One of my clients runs a design firm that specializes in working in the financial and hi-tech sectors. Over the years, he has become an expert in these industries. His firm has become the “go-to” firm for these industries, which is what many creative businesses aim to be.
How did he get there?
By saying no to projects that didn’t fit, and pursuing ones that did. He understands that if you say “yes” to a project outside of your market, it means you might have to say “no” to a project that will further your business goals.
Recently, this designer said “no” to an inquiry that was outside of his target market. And it wasn’t taken well.
Here’s what happened:
My client, the designer, got a call from someone way outside his market — a building construction company — who wanted to inquire about working together.
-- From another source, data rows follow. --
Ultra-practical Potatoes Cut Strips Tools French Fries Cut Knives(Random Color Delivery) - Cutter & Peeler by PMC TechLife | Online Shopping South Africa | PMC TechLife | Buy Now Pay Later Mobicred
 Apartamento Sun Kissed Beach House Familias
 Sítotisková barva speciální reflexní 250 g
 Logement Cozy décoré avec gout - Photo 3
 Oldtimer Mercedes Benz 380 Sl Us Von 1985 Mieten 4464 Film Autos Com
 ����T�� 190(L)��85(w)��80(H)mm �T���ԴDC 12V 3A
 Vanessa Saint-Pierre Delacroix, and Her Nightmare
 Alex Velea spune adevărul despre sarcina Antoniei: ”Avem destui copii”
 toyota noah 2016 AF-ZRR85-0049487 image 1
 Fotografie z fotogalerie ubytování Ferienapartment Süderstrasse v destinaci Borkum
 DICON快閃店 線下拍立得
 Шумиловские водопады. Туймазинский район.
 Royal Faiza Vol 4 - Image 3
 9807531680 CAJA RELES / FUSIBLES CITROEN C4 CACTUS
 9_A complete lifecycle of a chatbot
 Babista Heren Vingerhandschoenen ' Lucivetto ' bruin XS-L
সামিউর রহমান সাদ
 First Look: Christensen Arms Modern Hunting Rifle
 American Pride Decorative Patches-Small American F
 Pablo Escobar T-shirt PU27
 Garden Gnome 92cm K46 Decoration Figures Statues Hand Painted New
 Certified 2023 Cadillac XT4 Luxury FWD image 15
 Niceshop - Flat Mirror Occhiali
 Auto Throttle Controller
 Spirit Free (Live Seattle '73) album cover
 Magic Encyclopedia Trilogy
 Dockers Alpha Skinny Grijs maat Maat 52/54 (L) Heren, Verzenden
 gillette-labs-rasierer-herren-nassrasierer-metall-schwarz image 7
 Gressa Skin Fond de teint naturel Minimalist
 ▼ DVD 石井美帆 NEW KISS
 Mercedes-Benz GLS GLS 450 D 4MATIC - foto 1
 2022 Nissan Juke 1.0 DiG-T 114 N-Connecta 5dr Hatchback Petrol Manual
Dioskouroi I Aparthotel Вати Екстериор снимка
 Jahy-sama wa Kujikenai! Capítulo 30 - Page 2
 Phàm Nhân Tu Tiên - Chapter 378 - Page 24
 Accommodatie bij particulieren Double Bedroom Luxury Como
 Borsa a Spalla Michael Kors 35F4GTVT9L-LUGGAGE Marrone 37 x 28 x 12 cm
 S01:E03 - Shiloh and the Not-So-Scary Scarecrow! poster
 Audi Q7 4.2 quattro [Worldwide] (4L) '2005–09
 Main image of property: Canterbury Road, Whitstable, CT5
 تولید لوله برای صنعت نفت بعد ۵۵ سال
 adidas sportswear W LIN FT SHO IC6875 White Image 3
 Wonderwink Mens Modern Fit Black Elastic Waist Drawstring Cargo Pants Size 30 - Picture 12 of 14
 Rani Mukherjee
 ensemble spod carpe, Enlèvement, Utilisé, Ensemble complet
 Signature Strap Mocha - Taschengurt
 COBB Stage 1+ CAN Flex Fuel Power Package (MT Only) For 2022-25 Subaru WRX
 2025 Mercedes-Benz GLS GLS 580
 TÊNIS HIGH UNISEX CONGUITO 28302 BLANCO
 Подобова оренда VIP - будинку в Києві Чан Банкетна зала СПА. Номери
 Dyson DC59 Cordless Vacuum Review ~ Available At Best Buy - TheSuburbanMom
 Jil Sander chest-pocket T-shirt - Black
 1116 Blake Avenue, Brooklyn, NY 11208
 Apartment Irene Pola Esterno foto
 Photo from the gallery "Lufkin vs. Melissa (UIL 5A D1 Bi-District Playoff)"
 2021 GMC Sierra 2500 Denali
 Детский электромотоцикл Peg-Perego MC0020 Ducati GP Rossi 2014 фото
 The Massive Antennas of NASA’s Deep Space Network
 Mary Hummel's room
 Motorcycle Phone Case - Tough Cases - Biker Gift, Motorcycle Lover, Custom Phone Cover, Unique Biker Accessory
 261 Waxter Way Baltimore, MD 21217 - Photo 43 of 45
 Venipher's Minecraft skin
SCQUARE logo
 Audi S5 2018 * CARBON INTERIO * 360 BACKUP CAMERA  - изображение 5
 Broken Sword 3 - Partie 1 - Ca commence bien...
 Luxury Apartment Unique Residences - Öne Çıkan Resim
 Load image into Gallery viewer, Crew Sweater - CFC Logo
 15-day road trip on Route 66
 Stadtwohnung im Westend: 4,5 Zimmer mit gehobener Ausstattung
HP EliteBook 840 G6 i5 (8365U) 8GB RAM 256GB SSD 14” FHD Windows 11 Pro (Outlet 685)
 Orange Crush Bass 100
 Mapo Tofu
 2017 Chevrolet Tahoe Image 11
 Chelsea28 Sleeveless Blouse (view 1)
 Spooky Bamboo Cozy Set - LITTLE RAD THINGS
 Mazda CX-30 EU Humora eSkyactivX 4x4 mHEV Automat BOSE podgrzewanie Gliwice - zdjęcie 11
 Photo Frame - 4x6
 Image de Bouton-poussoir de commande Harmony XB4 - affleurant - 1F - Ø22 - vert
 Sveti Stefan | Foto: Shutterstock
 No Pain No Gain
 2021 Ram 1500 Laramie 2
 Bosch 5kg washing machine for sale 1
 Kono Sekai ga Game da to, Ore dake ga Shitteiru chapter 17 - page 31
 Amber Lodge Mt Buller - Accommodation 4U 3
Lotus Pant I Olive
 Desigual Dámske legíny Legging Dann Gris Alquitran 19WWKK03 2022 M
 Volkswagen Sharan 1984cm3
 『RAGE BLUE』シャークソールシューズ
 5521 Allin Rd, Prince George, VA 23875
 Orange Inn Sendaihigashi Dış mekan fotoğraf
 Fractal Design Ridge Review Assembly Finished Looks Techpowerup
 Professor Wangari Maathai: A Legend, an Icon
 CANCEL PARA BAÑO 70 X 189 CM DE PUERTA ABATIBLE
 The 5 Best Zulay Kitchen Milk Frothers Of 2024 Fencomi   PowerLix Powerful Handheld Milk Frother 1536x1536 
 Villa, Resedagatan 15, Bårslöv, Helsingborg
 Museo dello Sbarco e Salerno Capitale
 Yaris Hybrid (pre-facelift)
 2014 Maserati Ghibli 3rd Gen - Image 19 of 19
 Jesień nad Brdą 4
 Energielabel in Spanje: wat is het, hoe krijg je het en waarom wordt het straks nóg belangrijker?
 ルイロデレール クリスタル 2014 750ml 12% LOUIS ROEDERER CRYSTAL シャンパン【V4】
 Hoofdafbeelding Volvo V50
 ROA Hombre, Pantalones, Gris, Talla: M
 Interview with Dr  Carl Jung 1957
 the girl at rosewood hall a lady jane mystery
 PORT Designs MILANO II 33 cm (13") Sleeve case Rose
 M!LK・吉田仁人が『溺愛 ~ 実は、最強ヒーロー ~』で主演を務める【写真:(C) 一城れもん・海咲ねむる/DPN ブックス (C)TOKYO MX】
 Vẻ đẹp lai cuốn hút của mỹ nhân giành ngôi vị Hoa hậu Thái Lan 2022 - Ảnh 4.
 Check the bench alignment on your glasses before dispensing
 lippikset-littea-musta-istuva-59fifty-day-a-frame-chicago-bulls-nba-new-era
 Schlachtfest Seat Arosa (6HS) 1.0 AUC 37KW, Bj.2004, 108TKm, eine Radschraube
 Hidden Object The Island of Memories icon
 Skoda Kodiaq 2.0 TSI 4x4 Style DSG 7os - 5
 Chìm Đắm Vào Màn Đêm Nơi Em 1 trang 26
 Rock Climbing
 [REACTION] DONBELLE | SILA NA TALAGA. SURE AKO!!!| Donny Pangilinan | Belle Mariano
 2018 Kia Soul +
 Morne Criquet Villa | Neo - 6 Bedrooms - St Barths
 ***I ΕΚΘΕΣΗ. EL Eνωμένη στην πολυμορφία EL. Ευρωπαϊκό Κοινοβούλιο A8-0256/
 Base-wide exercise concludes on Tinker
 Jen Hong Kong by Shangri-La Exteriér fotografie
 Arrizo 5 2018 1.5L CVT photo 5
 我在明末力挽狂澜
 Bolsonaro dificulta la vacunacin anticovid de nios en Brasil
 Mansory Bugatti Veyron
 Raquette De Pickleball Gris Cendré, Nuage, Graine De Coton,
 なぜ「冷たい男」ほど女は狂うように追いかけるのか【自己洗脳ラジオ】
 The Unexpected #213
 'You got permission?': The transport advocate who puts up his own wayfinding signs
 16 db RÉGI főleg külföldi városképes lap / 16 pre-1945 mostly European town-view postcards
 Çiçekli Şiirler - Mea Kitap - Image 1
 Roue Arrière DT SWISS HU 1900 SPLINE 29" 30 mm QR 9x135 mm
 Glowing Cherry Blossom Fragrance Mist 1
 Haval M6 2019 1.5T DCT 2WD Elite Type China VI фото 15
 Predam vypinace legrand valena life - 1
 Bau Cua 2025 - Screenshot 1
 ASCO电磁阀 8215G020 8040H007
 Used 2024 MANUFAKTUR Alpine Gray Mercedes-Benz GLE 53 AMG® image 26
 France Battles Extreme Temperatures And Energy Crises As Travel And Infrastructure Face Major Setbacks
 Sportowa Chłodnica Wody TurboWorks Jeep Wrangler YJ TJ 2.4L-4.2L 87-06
Comfortably pursuing his market, the designer explained to the construction company owner that since his firm specializes in financial and hi-tech industries, they wouldn’t be a “good match” for the construction company.
The construction company owner was insulted at the designer’s response. To paraphrase, the construction company owner said:
Is my company not big enough or successful enough for you to work with us? We do millions and millions in business every year. We are incredibly successful. How dare you say we are not a good fit for you?
The designer tried to explain, but with no luck.
Taken aback at the harsh retort from the caller, the designer immediately knew he wouldn’t want to work with this type of person anyway. He was glad that his filtering process had also succeeding in filtering a prospect who would have neither been a good "target market fit," nor a good “personality fit.”
Have you ever had a prospect expect you should work with them, just because they had to work to offer?